Packing List Series, Part 2: An Artist’s Illustrated Guide

Adolf Konrad’s sketched packing list, December 16, 1963.

When German-born but New Jersey-bred artist Adolf Konrad (1915-2003) traveled through Rome and Egypt in 1962 and 1963, he made himself a visual packing aid. Amidst illustrations of street life and landscapes, his sketchbook included a graphic packing list in watercolor and ink accompanied by a sketch of the wanderer himself wearing only his skivvies.

Adolf Konrad in his skivvies, 1963.

Clothing was kept minimal: A couple of pairs of pants, underwear and socks, a few shirts, a coat, a blazer, sunglasses. (Although if you take a closer look, striped boxers, playful socks and red polka-dotted shirt with oversized green collar seem to indicate he was quite a dapper fellow, even in basics.) Art supplies, of course, were essential: paint brushes, fountain pens, pencils, sketchbooks, journals, a palette knife, pastels, watercolors, oil paints, two cameras, a light meter, an eraser, ink. Hygiene wasn’t overlooked—Konrad carried his own soap along with regular toiletries—and then there are the errant items that might be up for interpretation. A loaf of bread? A cocktail shaker and travel drink glass? Safety pins?

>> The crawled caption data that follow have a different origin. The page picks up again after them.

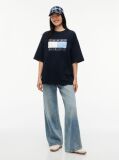 Blue Tommy Hilfiger x FRGMT T-Shirt Din jerseu Cu Croiala Lejera  Barbati
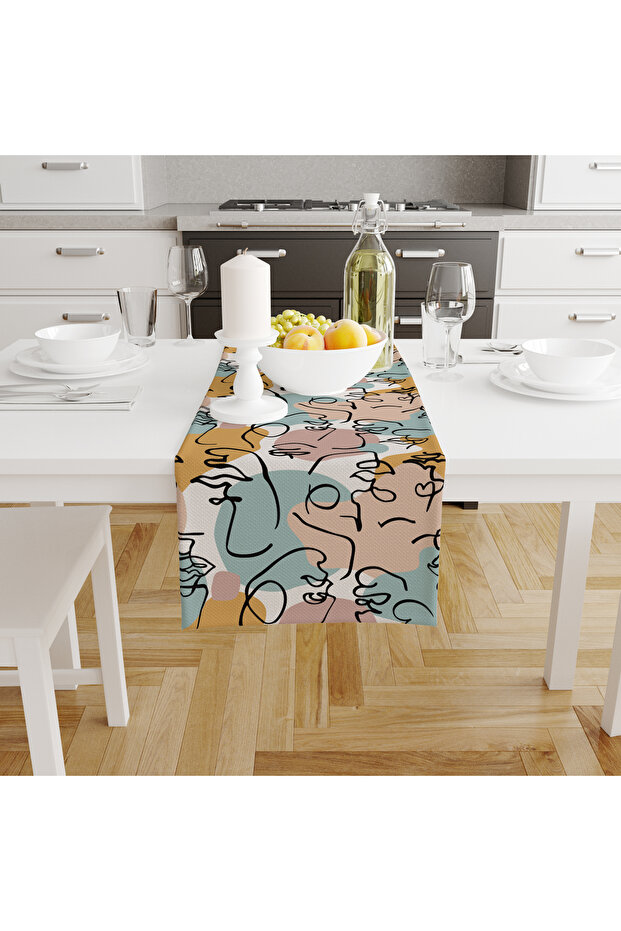 Ramadan Runner - Washable Micropecks Patterned Stain, 140X52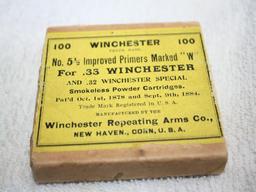 Antique Winchester Primers, unopened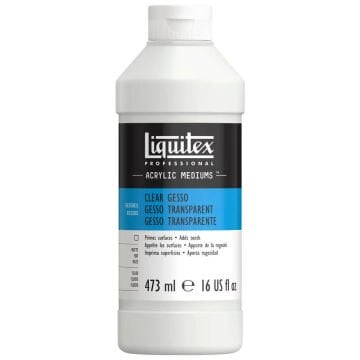 Liquitex Professional Clear Gesso Akrilik Şeffaf Zemin Astarı 473 ml
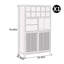 New Chinese Style Lattice Door Bookcase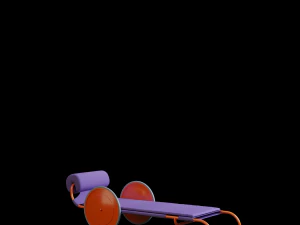 locus solus sun lounger 3D Model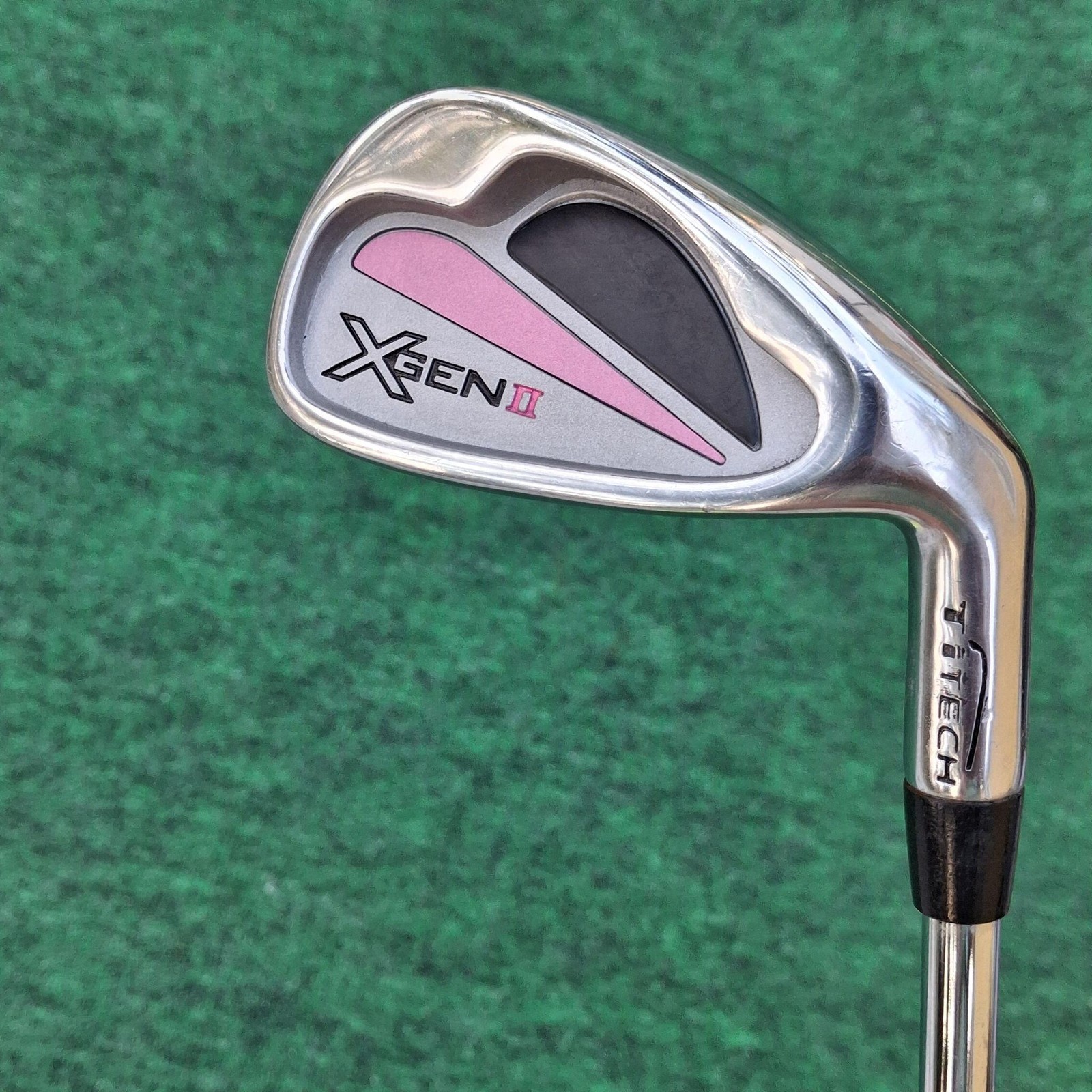 TiTech XGen II 6 Iron 36.5in RH Ladies Steel Shaft Silver Pink Golf Club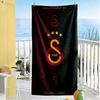 Galatasaray Beach Towel Super Soft Microfiber Quickdry Fabric Comfortable Lightweight Suitable for Swimming, Gym, Camping, Yoga Vacation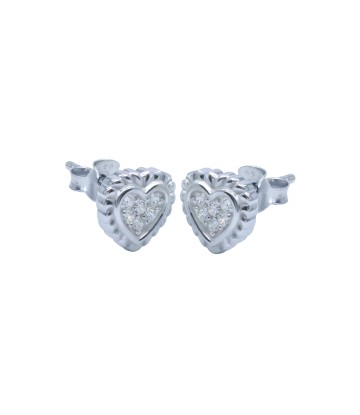 Pretty Heart Silver Stud Earring STS-5824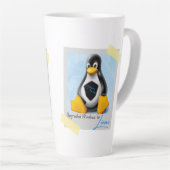 アップグレードされたWindows Kali Linux Tux カフェラテマグ (右アングル)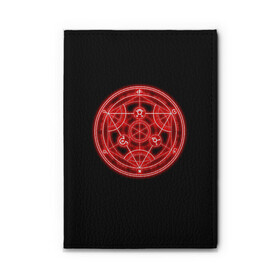 Обложка для автодокументов с принтом Стальной алхимик | Fullmetal Alchemist (+спина) (Z) в городе Новоалтайск, натуральная кожа |  размер 19,9*13 см; внутри 4 больших “конверта” для документов и один маленький отдел — туда идеально встанут права | Тематика изображения на принте: fullmetal alchemist | алхимия | альфонс элрики | философский камень | хаганэ но рэнкиндзюцуси | хирому аракавы | эдвард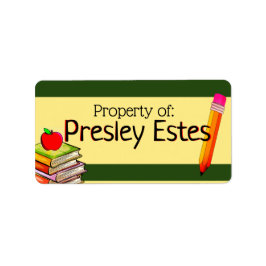 Student levert eigendom Klaslokaal Label Stickers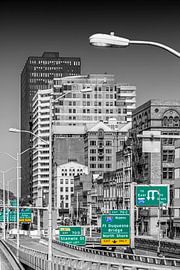 Pittsburgh Downtown Perspectief - colorkey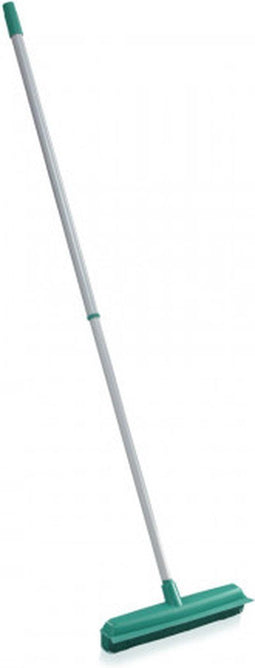 Leifheit Classic Suprabezem - rubberen bezem - telescoopsteel 80-140 cm - veegbreedte 35 cm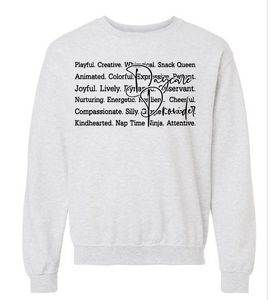 Daycare Provider {ASH} Crew Sweatshirt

And he was an artist on a budget; he carried the classic Europe on $5 a Day travel guide (Was it ever really just $5 per day?) along with bills, coins and his passport.

Housed in the Smithsonian’s collection, the illustrated packing inventory was part of last year’s show, Lists: To-dos, Illustrated Inventories, Collected Thoughts, and Other Artists’ Enumerations from the Smithsonian’s Archives of American Art at the Morgan Library in New York City. Konrad’s list reminds me of Joan Didion’s from The White Album, the first post in this packing list series.  Both kept to simple, interchangeable uniforms that are typical when traveling light; both placed precedence on the tools of their craft: paint, brushes and a sketchbook for Konrad and for Didion, portable typewriter, legal pads and pens. Beyond evoking the practicalities (and simultaneous romance) of travel and the uniform of dress, what I like about these lists is how they provide unexpectedly satisfying windows into the creative process.